* INSTRUCTIONS FOR THE TASK
Before printing, remove every picture; then print the lines below exactly, from the first line through the line containing "All Heal, Cuckow".

** Opening PROVIDED DATA block **

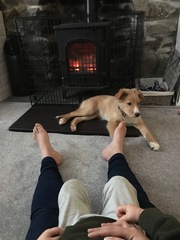 Puppy Survival Thread Part 5!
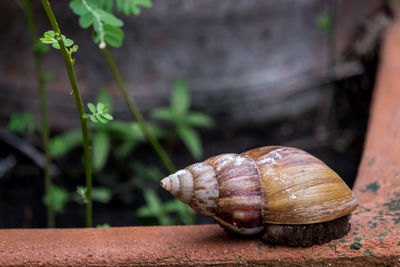 Close-up of snail on leaf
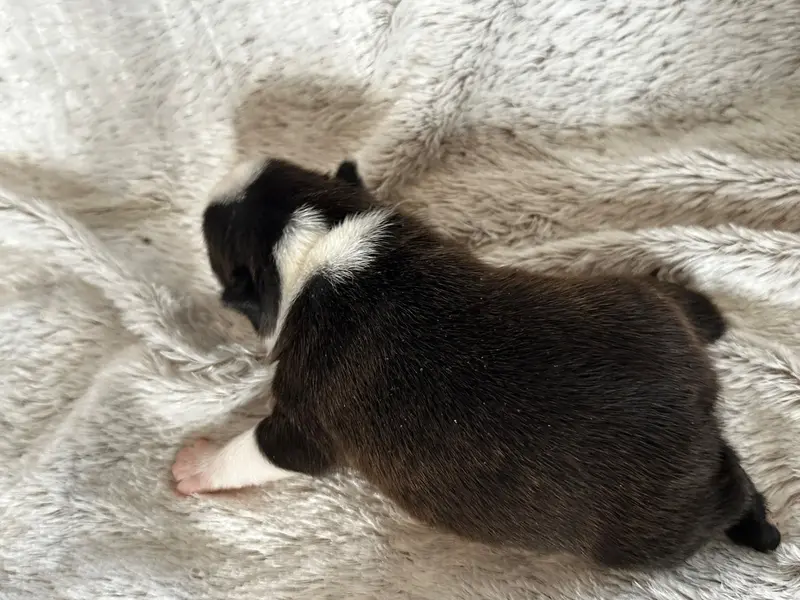 Portée de Boston terrier, élevage Chan Chue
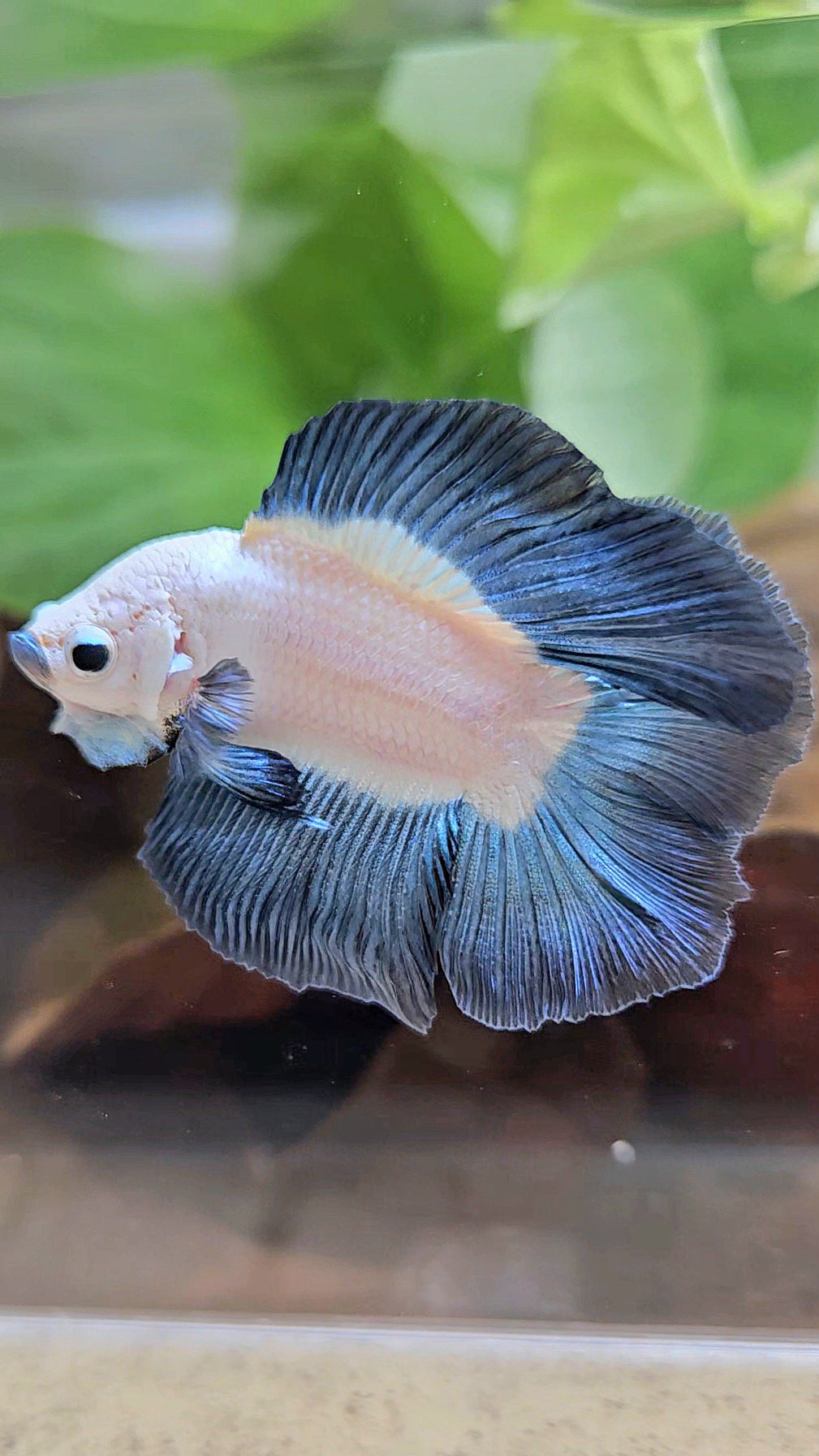 LUXURY HALFMOON DOUBLE TAIL DARK BLUE RIM BICOLOR BETTA FISH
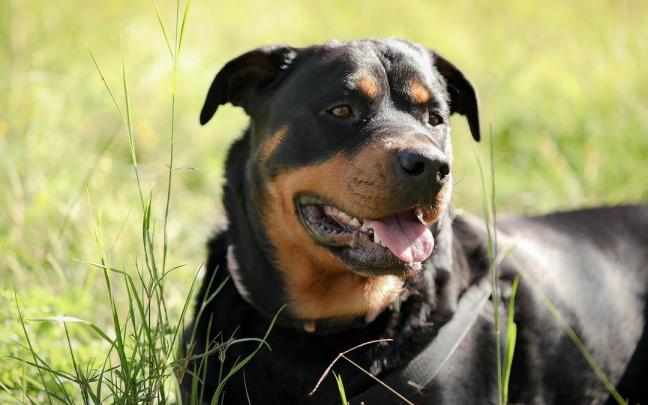 Imagen de archivo de un perro de la raza 'rottwailer'.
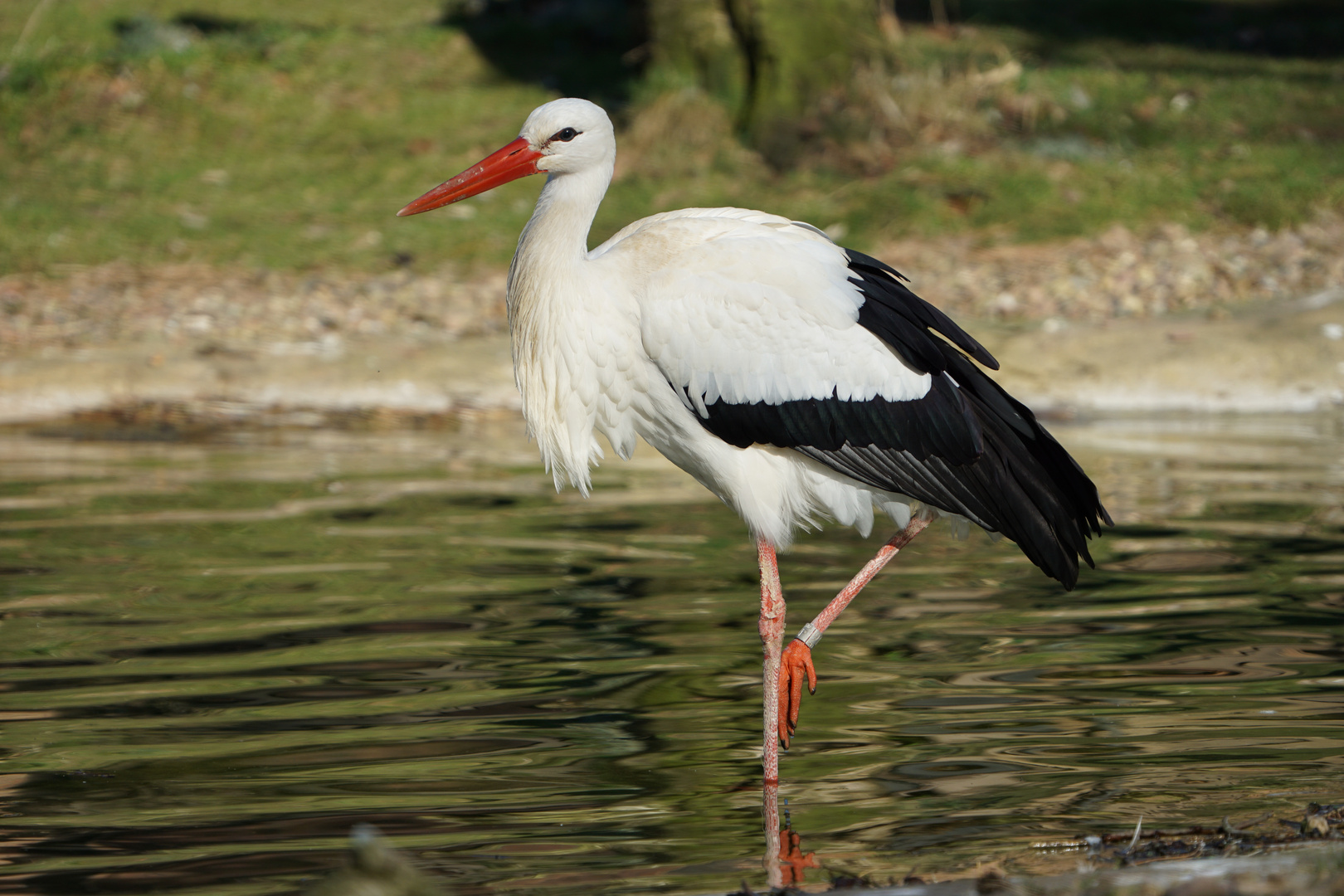 Ein Storch wie man ihn kennt Foto & Bild tiere, zoo, wildpark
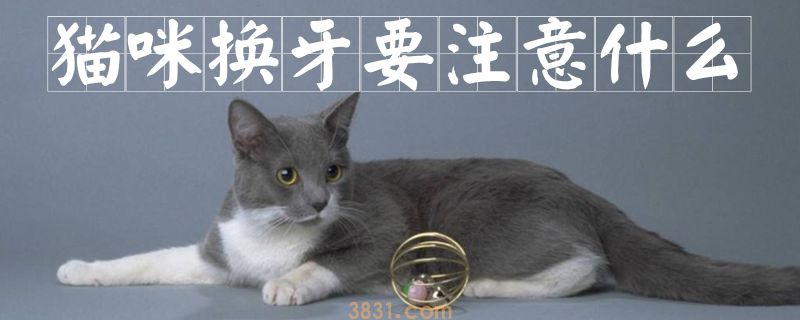 猫咪换牙要注意什么(图1)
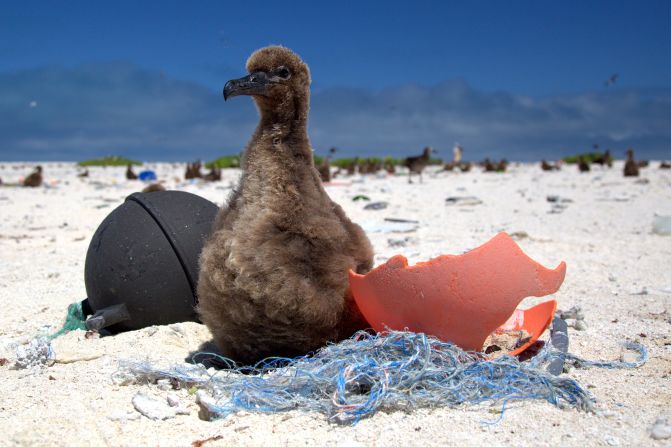 Plastic pollution in the ocean is a massive -- and growing -- problem. Midway Atoll, a remote island situated on the edge of the Great Pacific Garbage Patch, is covered with plastic debris swept onto its beaches by oceanic currents. This Laysan albatross chick is being fed pieces of plastic by its parents, which mistake the waste for food. Seabirds which ingest plastic waste are <a href="index.php?page=&url=https%3A%2F%2Fedition.cnn.com%2F2019%2F07%2F30%2Fhealth%2Fseabirds-plastic-pollution-health-problems-scli-intl%2Findex.html" target="_blank">smaller, lighter and suffer from a litany of health problems</a>. Plastic waste kills up to <a href="index.php?page=&url=https%3A%2F%2Fsustainabledevelopment.un.org%2Fcontent%2Fdocuments%2FOcean_Factsheet_Pollution.pdf" target="_blank" target="_blank">one million seabirds</a> every year.   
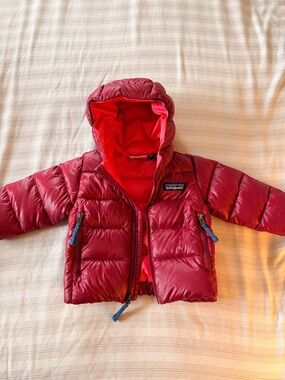 Patagonia Kids Crimson Hooded Down Puffer Jacket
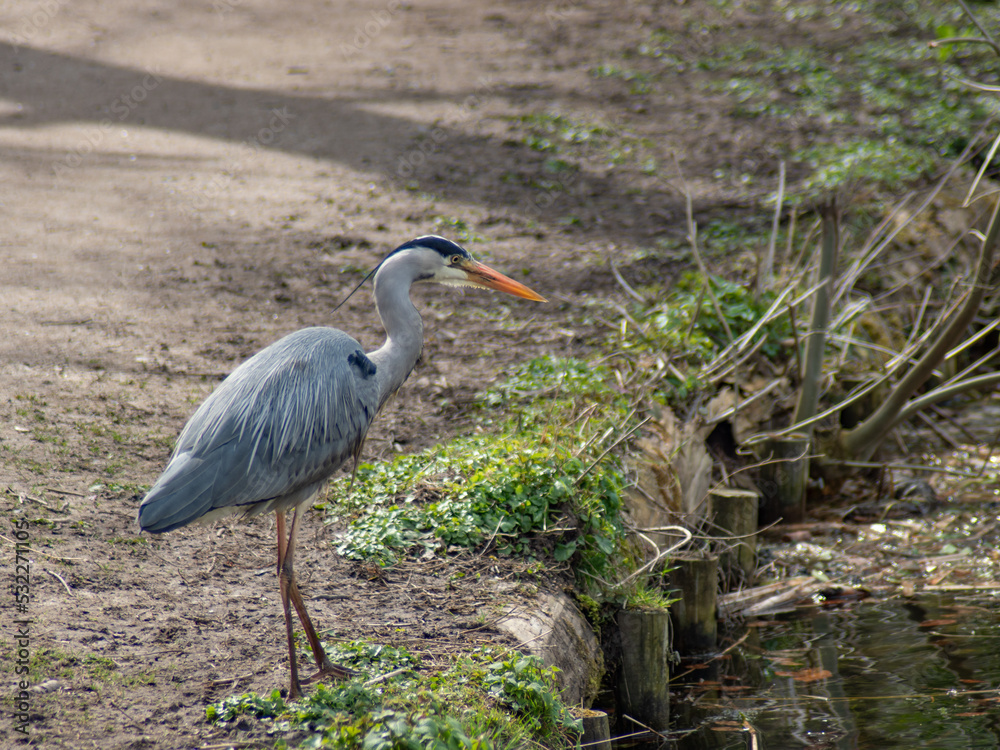 Naklejka premium heron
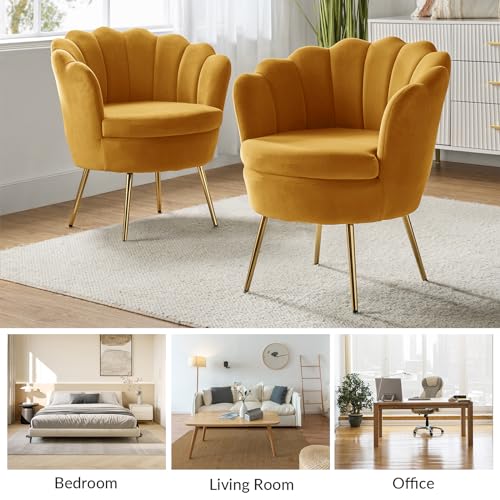 Image of HULALA HOME Velvet Accent Chair with Shell Shaped Back, Modern Cute Living Room Bedroom Armchair Sofa Chair with Gold Legs, Comfy Upholstered Vanity Chair for Makeup Room, Mustard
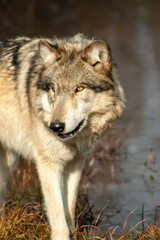 Wolves on the prowl in winter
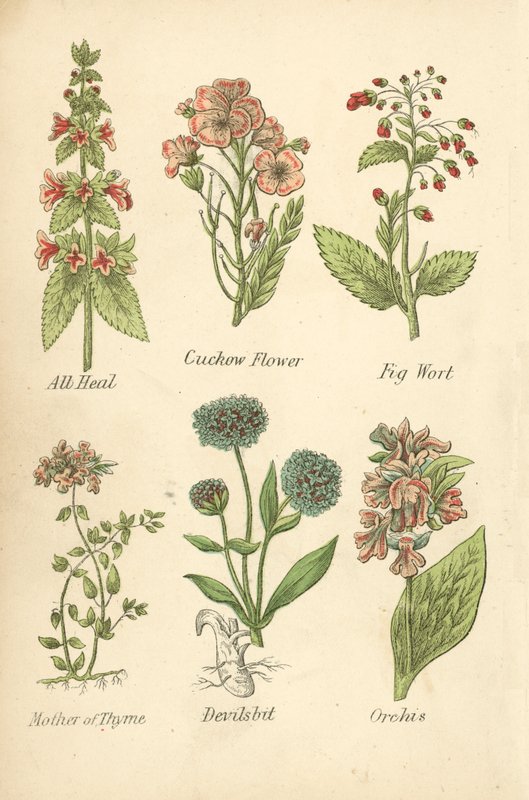 All Heal, Cuckow Flower, Fig Wort, Mother of Thyme, Devilsbit, Orchis (värilitro). tekijältä English School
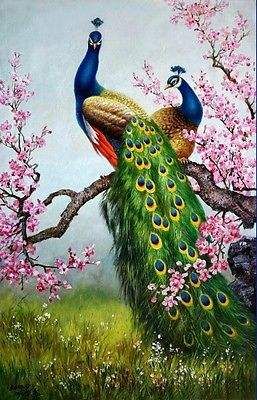 wsi-03085 Modern Animal Phoenix Peacock Handpainted Handcrafts Art Oil Painting & HD Print Art Oil wsi-03085 Modern Animal Phoenix Peacock Handpainted Handcrafts Art Oil Painting & HD Print Art Oil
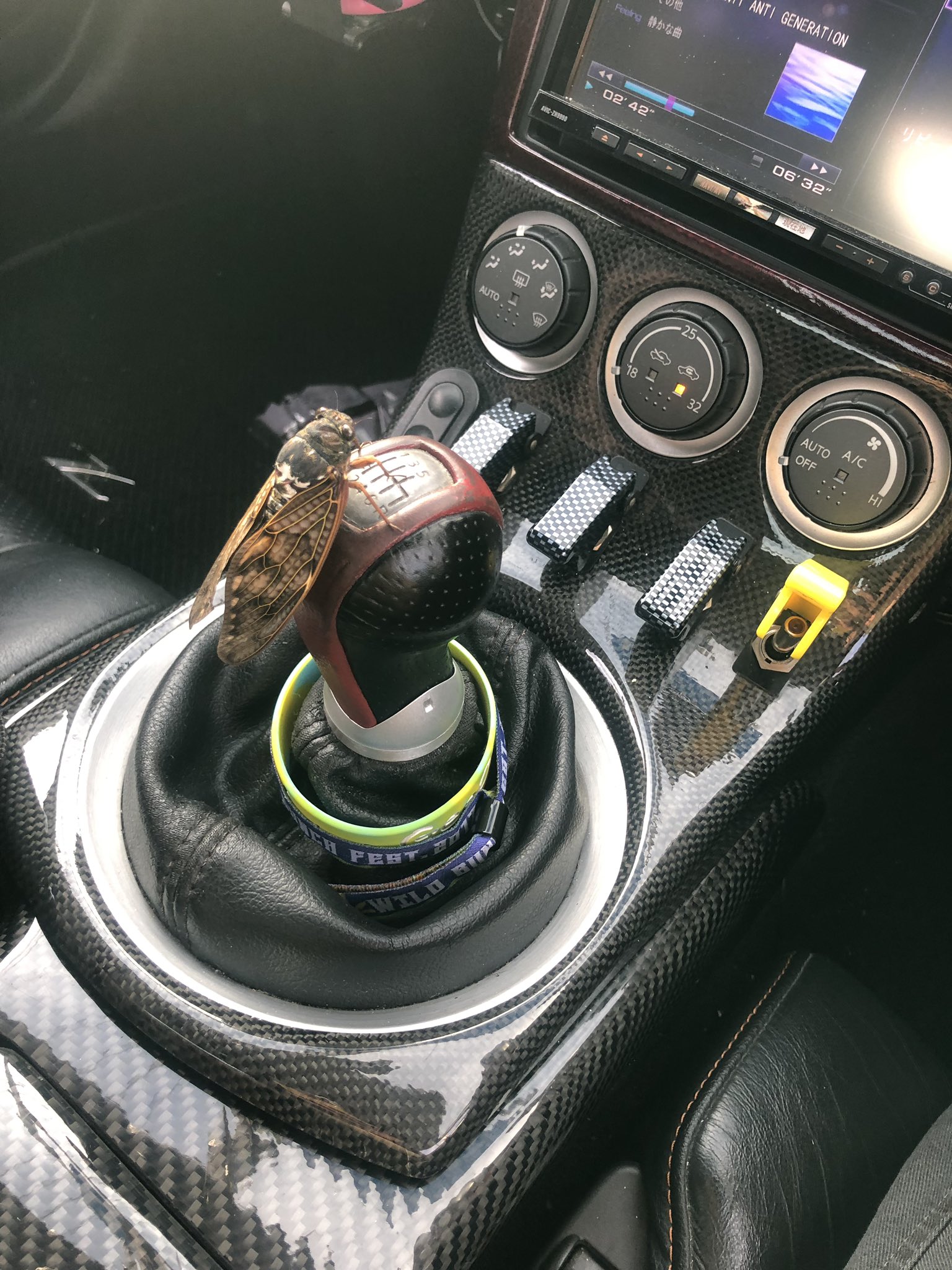 あ ま は ん このセミ さ ほぼ50万人に顔まで晒されてさ 生きていけんのかな ワイこんなに晒されたら生きていけへん T Co Fmqn6v6obq Twitter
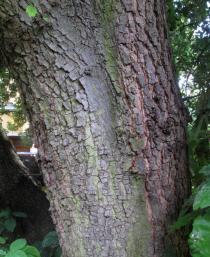 Quercus x hispanica - Bark - Click to enlarge!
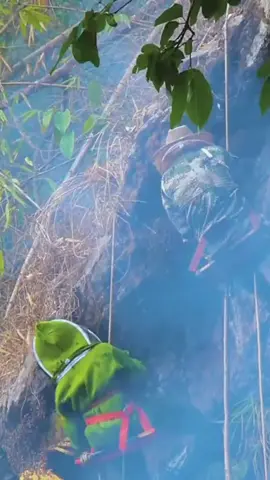 Have you ever eaten such wild honey?#honeypicking #wildhoney #outdoor #dangerousaction #ruralpeople #foryou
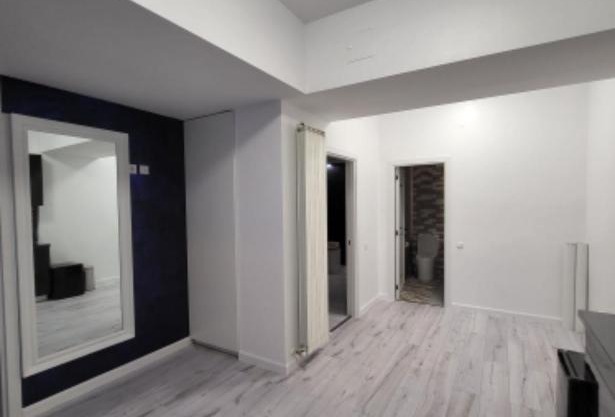 Apartament Carol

** Closing PROVIDED DATA block **

* TASK OUTPUT
 Puppy Survival Thread Part 5!
 Close-up of snail on leaf
 Portée de Boston terrier, élevage Chan Chue
 LUXURY HALFMOON DOUBLE TAIL DARK BLUE RIM BICOLOR BETTA FISH
 Imagen de archivo de un perro de la raza 'rottwailer'.
 Ein Storch wie man ihn kennt Foto & Bild tiere, zoo, wildpark
 猫咪换牙要注意什么(图1)
 Plastic pollution in the ocean is a massive -- and growing -- problem. Midway Atoll, a remote island situated on the edge of the Great Pacific Garbage Patch, is covered with plastic debris swept onto its beaches by oceanic currents. This Laysan albatross chick is being fed pieces of plastic by its parents, which mistake the waste for food. Seabirds which ingest plastic waste are <a href="index.php?page=&url=https%3A%2F%2Fedition.cnn.com%2F2019%2F07%2F30%2Fhealth%2Fseabirds-plastic-pollution-health-problems-scli-intl%2Findex.html" target="_blank">smaller, lighter and suffer from a litany of health problems</a>. Plastic waste kills up to <a href="index.php?page=&url=https%3A%2F%2Fsustainabledevelopment.un.org%2Fcontent%2Fdocuments%2FOcean_Factsheet_Pollution.pdf" target="_blank" target="_blank">one million seabirds</a> every year.   
 Patagonia Kids Crimson Hooded Down Puffer Jacket
 Naklejka premium heron
 Image of HULALA HOME Velvet Accent Chair with Shell Shaped Back, Modern Cute Living Room Bedroom Armchair Sofa Chair with Gold Legs, Comfy Upholstered Vanity Chair for Makeup Room, Mustard
 Wolves on the prowl in winter
 All Heal, Cuckow Flower, Fig Wort, Mother of Thyme, Devilsbit, Orchis (värilitro). tekijältä English School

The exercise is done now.